A movie like One of Them Days almost feels like a special occasion in the mid-2020s, for one because mid-budget studio comedies of its kind aren’t made very often anymore, for another because you might finish it feeling so exceptionally delighted that you immediately want to watch it again. It stars Keke Palmer, one of our funniest living actresses, and SZA, a Joni Mitchell-caliber singer-songwriter trying out acting for the first time, as Dreux and Alyssa, best friends living together in a cramped, falling-apart apartment in L.A. Both are cash-strapped — Alyssa is a multimedia artist who produces more work than she sells, and Dreux waitresses the night shift at a nearby Norms — and, when we first meet them, are fast approaching the day even those who aren’t also living paycheck to paycheck dread: the first of the month. 
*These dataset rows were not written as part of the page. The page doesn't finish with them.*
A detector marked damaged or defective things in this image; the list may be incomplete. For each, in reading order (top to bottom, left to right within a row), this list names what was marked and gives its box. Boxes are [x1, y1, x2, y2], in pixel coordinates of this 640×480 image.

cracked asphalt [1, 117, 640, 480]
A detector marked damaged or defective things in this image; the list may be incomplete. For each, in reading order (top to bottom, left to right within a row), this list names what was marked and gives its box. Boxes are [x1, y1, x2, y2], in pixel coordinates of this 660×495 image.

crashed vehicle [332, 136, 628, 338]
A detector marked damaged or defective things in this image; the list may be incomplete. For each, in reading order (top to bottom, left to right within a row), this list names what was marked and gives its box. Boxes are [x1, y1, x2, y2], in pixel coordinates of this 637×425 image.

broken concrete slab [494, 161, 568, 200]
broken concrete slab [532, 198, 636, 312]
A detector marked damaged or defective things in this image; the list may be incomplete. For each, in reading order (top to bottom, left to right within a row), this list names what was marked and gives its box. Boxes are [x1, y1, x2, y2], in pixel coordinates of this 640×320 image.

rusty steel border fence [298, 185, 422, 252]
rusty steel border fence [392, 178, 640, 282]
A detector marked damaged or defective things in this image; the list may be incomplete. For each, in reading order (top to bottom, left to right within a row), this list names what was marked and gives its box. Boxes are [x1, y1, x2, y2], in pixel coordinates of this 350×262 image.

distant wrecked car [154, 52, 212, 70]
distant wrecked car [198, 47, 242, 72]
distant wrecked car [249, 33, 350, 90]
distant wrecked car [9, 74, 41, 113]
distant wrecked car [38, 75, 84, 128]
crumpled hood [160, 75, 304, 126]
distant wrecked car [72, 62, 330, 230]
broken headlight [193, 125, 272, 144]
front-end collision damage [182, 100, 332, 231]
Alyssa has tasked her boyfriend, Keshawn (Joshua Neal), to deliver the pair’s scrounged-together $1,500 rent to their aggressively no-nonsense landlord, Uche (Rizi Timane). But that pans out exactly how Dreux, who’s long been tired of this well-endowed leech living rent-free with her and Alyssa, would expect. Keshawn doesn’t merely snatch the money for himself: he almost immediately spends it on a nascent clothing brand he’s supposedly starting called Cucci. This all would suck less if Dreux didn’t have a potentially life-changing interview as a franchise manager at 4 p.m. she still needs to get her hair done for, and if the weather weren’t so scorching that the morning radio felt the need to comment on it. (You wouldn’t know it, though, by how much jackets and jeans outnumber classic sunny-day clothes around town.)
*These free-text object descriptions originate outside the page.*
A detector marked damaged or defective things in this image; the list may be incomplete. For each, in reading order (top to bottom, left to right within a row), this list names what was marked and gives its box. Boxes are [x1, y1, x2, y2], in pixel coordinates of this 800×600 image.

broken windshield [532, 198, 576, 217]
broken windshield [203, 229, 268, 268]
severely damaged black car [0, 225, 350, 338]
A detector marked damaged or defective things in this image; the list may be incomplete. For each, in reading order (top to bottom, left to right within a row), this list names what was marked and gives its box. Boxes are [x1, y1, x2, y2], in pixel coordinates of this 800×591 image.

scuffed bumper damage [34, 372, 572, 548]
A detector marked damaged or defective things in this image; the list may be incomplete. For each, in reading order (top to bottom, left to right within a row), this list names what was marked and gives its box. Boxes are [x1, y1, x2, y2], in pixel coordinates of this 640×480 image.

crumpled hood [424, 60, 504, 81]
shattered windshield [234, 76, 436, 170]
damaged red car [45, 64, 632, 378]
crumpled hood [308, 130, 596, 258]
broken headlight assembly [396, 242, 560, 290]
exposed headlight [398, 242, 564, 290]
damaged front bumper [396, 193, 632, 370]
Uche won’t budge on his 6 p.m. due date, so the friends hit up every place they can think of for quick cash. Among the stops are a blood bank and an instant-loan place that sketchily boasts a 1,900.5% APR and that “we got you, and we’ll get you.” Alyssa and Dreux leave the former a Herschell Gordon Lewis-level bloody mess for reasons I won’t get into and the latter a place to get hysterically laughed out of for having such an eye-poppingly low combined credit score. Their car is lost along the way because of a risky parking job that doesn’t pay off. So are their clothes because of that aforementioned bloody mess. The film’s screenwriter, Syreeta Singleton, gets so many laughs out of the pair’s pit stops that it’s like she’s squeezing them all out with white-knuckle firmness. The direction by Lawrence Lamont, who’s best known for directing a few episodes of the two-season comedy series Rap Sh!t, has a confidently jaunty touch just right for comedy. (The cannily curated soundtrack, which features appearances from au courant artists like GloRilla, Doechii, and Foushée, adds to the film’s sense of race-against-time forward movement.) 
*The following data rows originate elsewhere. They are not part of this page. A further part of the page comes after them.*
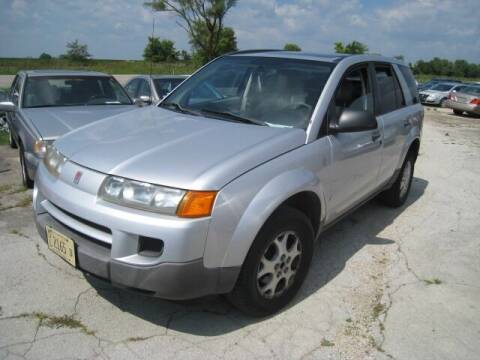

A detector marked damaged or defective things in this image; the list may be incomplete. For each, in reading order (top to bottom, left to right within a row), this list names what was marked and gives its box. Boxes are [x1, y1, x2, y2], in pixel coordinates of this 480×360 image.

cracked pavement [0, 107, 480, 360]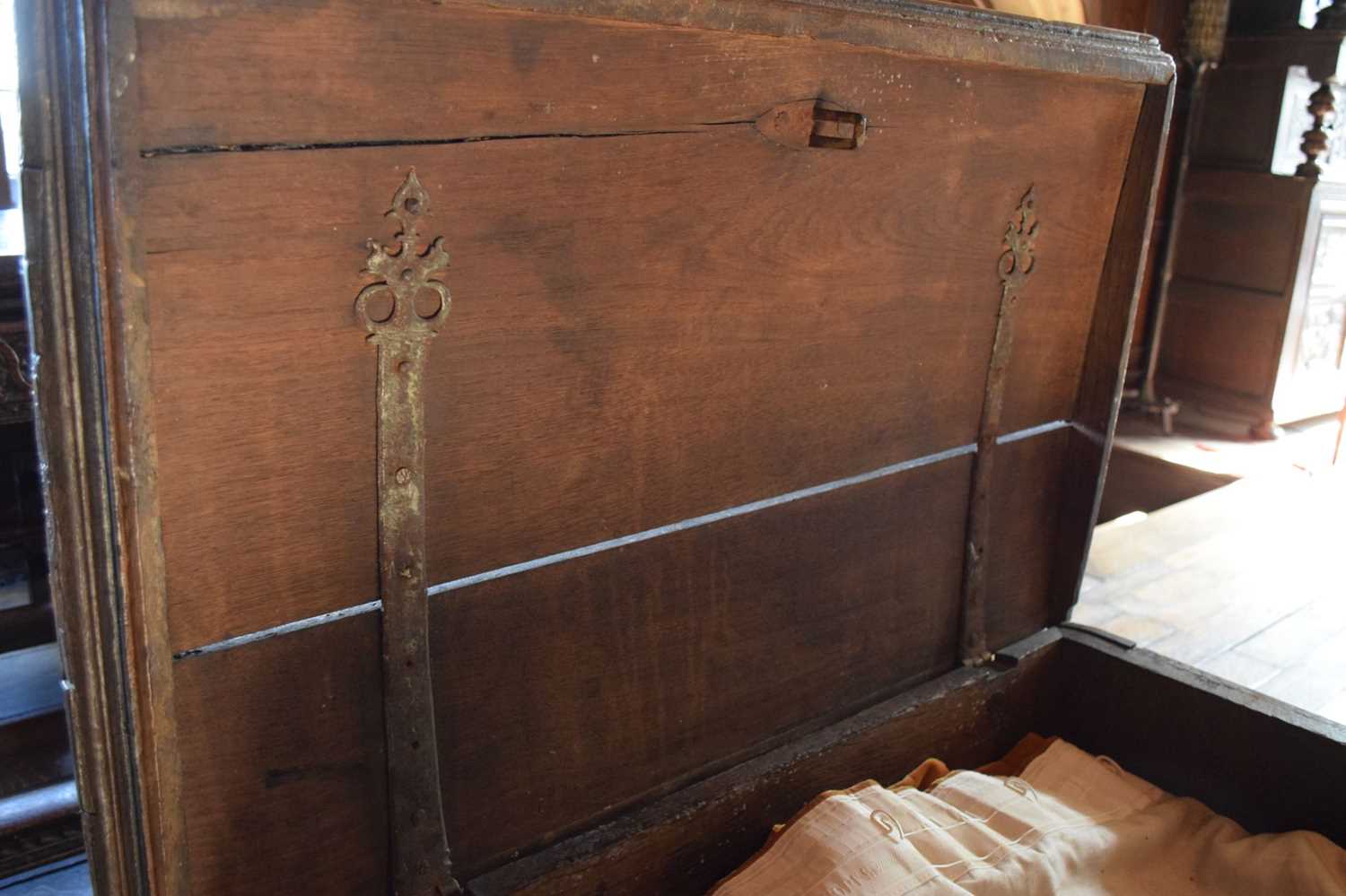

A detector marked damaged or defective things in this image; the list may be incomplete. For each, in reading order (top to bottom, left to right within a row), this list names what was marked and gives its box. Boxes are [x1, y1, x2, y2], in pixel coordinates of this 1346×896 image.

rusty iron hardware [754, 100, 869, 151]
rusty iron hardware [355, 170, 463, 896]
rusty iron hardware [962, 187, 1041, 667]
Verbal and physical comedy are generously supplied in One of Them Days, though for a born-to-be-a-movie-star performer like Palmer the two can sometimes feel very nearly one and the same. Designated as the straight man in this movie’s odd couple, she has so many noises — I can’t stop thinking about one early nervous swallow she barely conceals in front of a crush — and microexpressions at her disposal that she can make, say, the putty-faced Jim Carrey look uninventively obvious. As the duo’s heart-over-head goofball, SZA is also unexpectedly a skillful comedy performer — something notoriously not easy to be — and she seems to be having a good time with this character unsubtly poking some light fun at the persona she’s cultivated in her music: a little spacey, very in tune with her feelings, not safe from getting screwed over by men who don’t treat her how she should be. (It sounded like a SZA lyric to me when Alyssa earnestly asks, for instance, “Can’t you tell I’m lost?”) The supporting characters are just as pivotal to the film’s comic sturdiness; cameos from Katt Williams, Janelle James, and Keyla Monterroso Mejia made me want to cheer. 

Watching One of Them Days, I kept flashing back to Smiley Face (2007), a low-budget comedy where a hilarious Anna Faris devoured a plateful of pot-laced cupcakes and had to complete the day’s tasks while unpersuasively pretending like her eyes, mouth, and brain weren’t drooping for the bewildered sober people around her. Even if Alyssa is portrayed as a spiritual type who might smoke the stuff to get better attuned to the universe, One of Them Days isn’t a stoner comedy. But it shares Smiley Face’s odyssey-style narrative, indispensably funny performers, and knack for turning mundane situations into believably chaotic settings in which you never know what will happen but you’re sure you’ll probably belly laugh. I want to go to the theaters more often for movies like Smiley Face and One of Them Days: assuredly made comedies where the ambitions are not much more than being very funny and they succeed so forcefully that they feel like something more momentous. I hope One of Them Days does as well at the box office as I imagine it will be so that we get more like it.